Yossi Klein Halevi & Michael B. Oren wrote an interesting article featured in The New Republic titled Contra Iran.
The first reports from military intelligence about an Iranian nuclear program reached the desk of Yitzhak Rabin shortly after he became prime minister in May 1992. Rabin's conclusion was unequivocal: Only a nuclear Iran, he told aides, could pose an existential threat to which Israel would have no credible response. But, when he tried to warn the Clinton administration, he met with incredulity. The CIA's assessment--which wouldn't change until 1998--was that Iran's nuclear program was civilian, not military. Israeli security officials felt that the CIA's judgment was influenced by internal U.S. politics and privately referred to the agency as the "cpia"--"P" for "politicized."Oren recently authored Power, Faith, and Fantasy: America in the Middle East, 1776 to the Present.
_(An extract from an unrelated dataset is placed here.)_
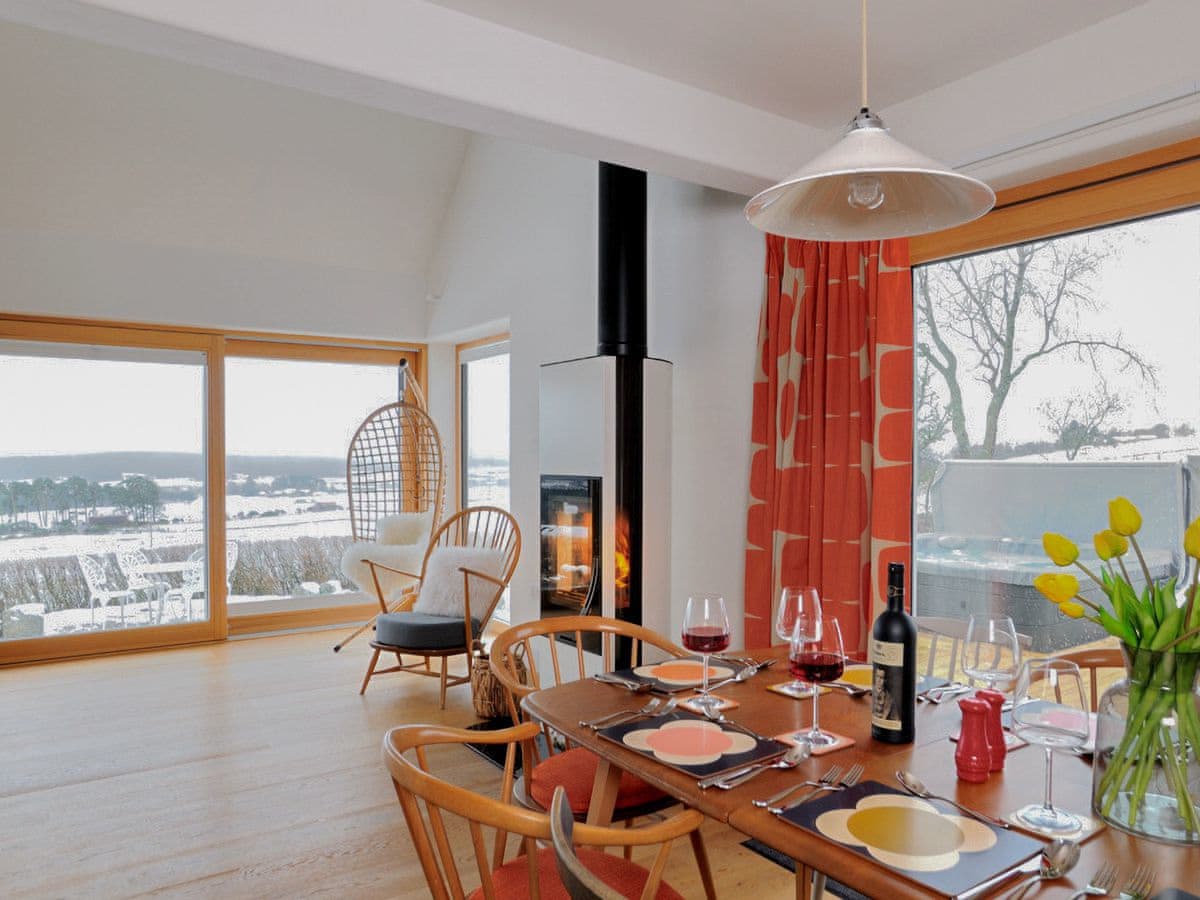 Tom's Lodge, listing photograph 8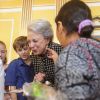 La princesse Benedikte recevait le 28 septembre 2012 à Amalienborg des enfants du Danemark et du Groenland.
The indifference in Washington helped persuade Rabin that Israel needed to begin preparing for an eventual preemptive strike, so he ordered the purchase of long-range bombers capable of reaching Iran. And he made a fateful political decision: He reversed his ambivalence toward negotiating with the PLO and endorsed unofficial talks being conducted between Israeli left-wingers and PLO officials. Rabin's justification for this about-face was that Israel needed to neutralize what he defined as its "inner circle of threat"--the enemies along its borders--in order to focus on the coming confrontation with Iran, the far more dangerous "outer circle of threat." Rabin's strategy, then, was the exact opposite of the approach recently recommended by the Iraq Study Group: Where James Baker and Lee Hamilton want to engage Iran--even at the cost of downplaying its nuclear ambitions--in order to solve crises in the Arab world, Rabin wanted to make peace with the Arab world in order to prevent, at all costs, a nuclear Iran.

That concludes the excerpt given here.